_What to work on_:
What are the lines from the top of the entries through the one with "Tigres Reversible - Bege"? Write them out exactly, with no pictures.

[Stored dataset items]
◆ ◆ ◆ ◆ ◆ ◆ ◆
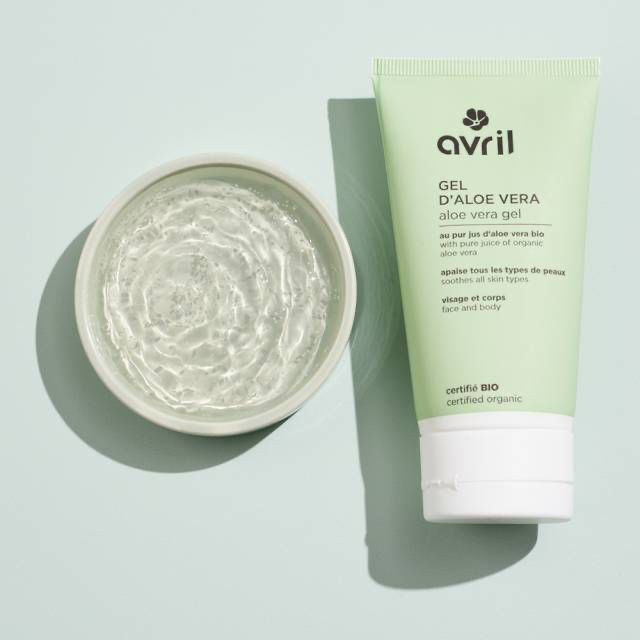 Organic aloe vera gel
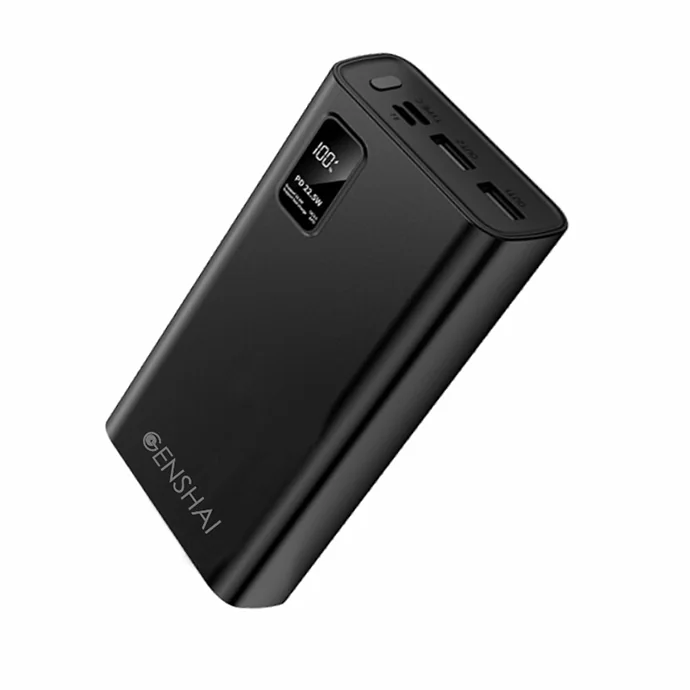 PIN SẠC DỰ PHÒNG GENSHAI GP-33 20.000MAH MÀN HÌNH LED CHÍNH HÃNG IN LOGO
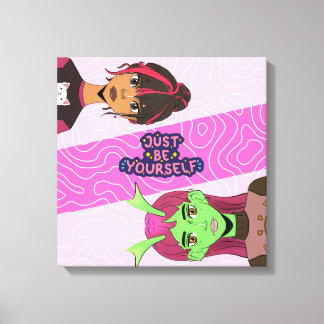 Impressão Em Tela Just Be Yourself – Inclusive and Fun Character Art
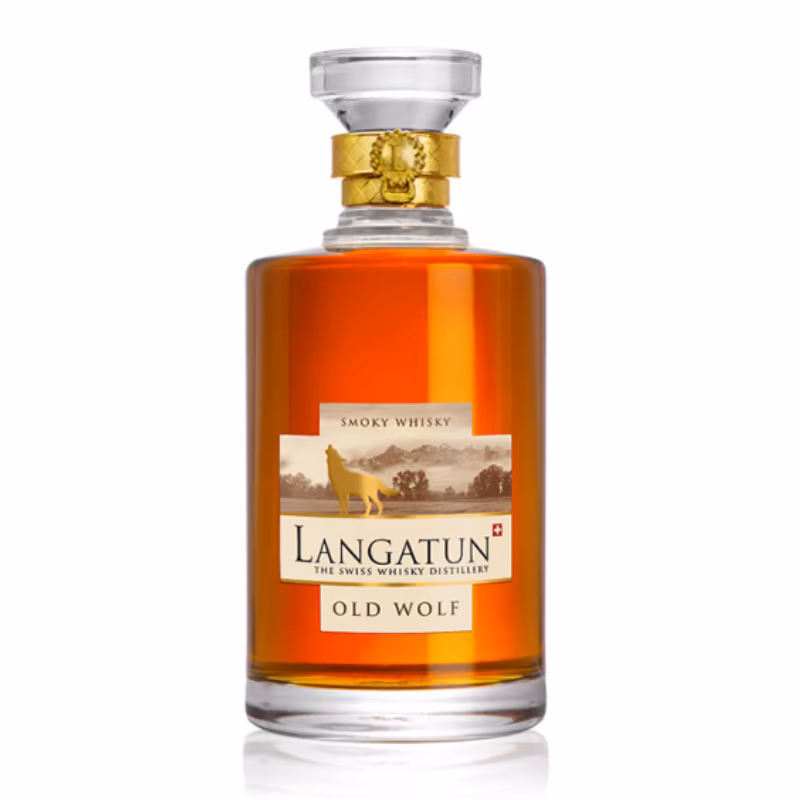 Langatun Old Wolf Smoky Whisky 46% 0.5 l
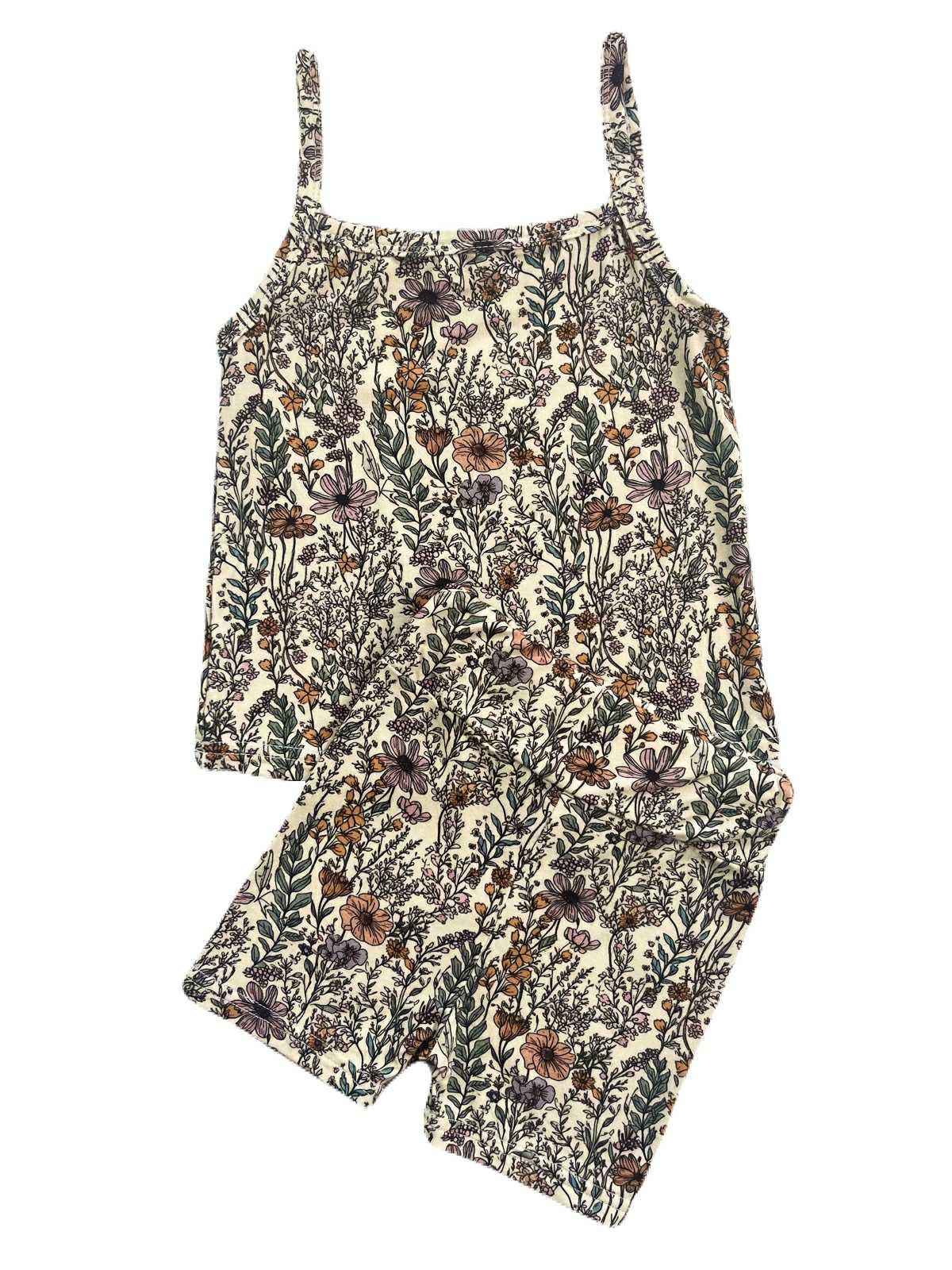 Golden Hour Flora Bike-Shorts Tank Set
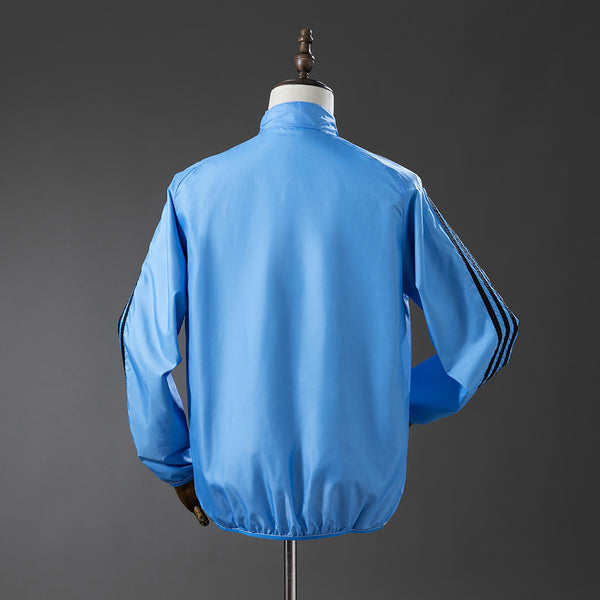 Tigres Reversible - Bege & Azul Corta Vento Jaqueta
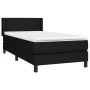 Boxspringbett mit schwarzer Stoffmatratze 80x200 cm von vidaXL, Betten und Lattenroste - Ref: Foro24-3129587, Preis: 280,85 €...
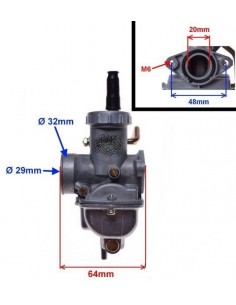 Gaźnik PZ16 do motoroweru
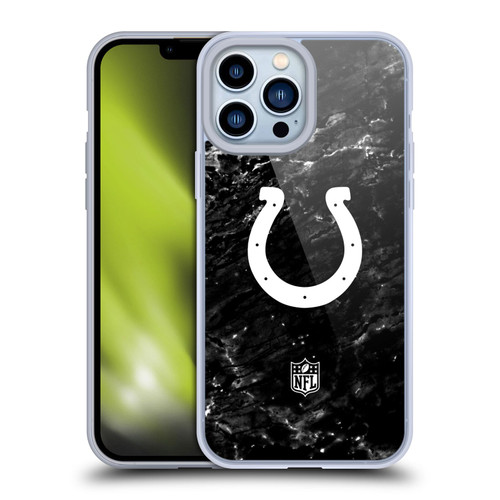 NFL Indianapolis Colts Artwork Marble Soft Gel Case for Apple iPhone 13 Pro Max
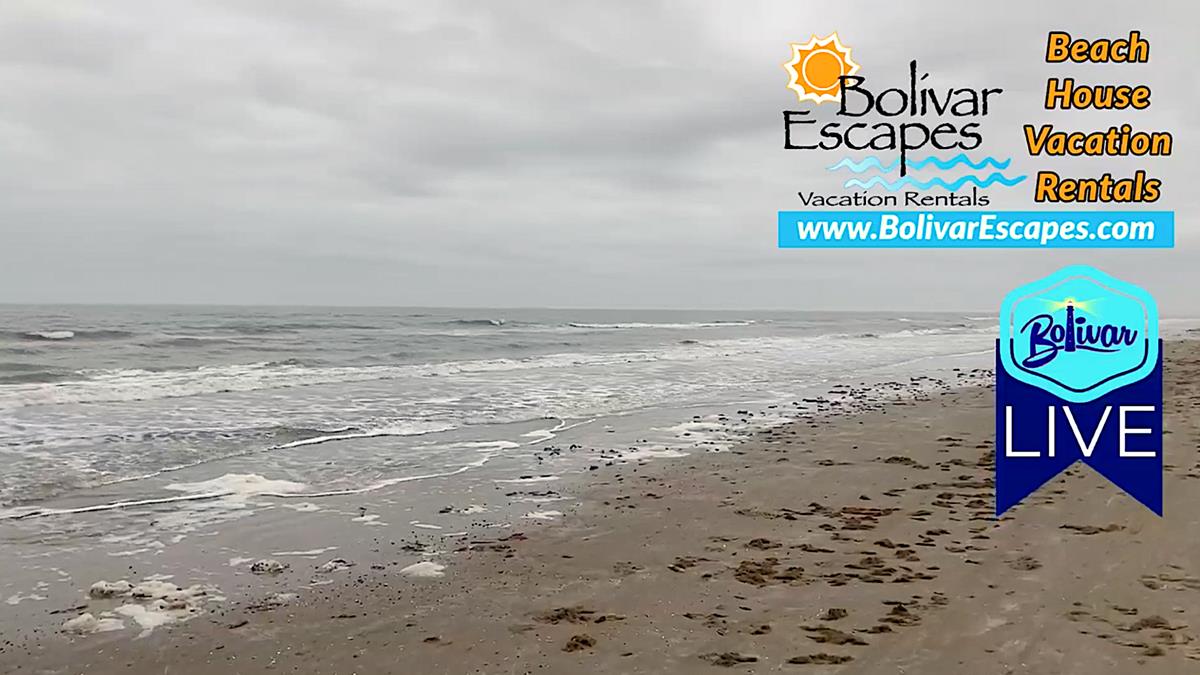 Lunchtime Beachfront View On Bolivar Peninsula.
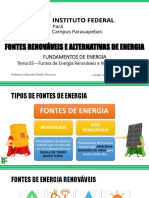 Tema 03 – Fonte de Energia Renováveis e Não Renováveis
◆ ◆ ◆ ◆ ◆ ◆ ◆
_Answer section_:
 Organic aloe vera gel
 PIN SẠC DỰ PHÒNG GENSHAI GP-33 20.000MAH MÀN HÌNH LED CHÍNH HÃNG IN LOGO
 Impressão Em Tela Just Be Yourself – Inclusive and Fun Character Art
 Langatun Old Wolf Smoky Whisky 46% 0.5 l
 Golden Hour Flora Bike-Shorts Tank Set
 Tigres Reversible - Bege & Azul Corta Vento Jaqueta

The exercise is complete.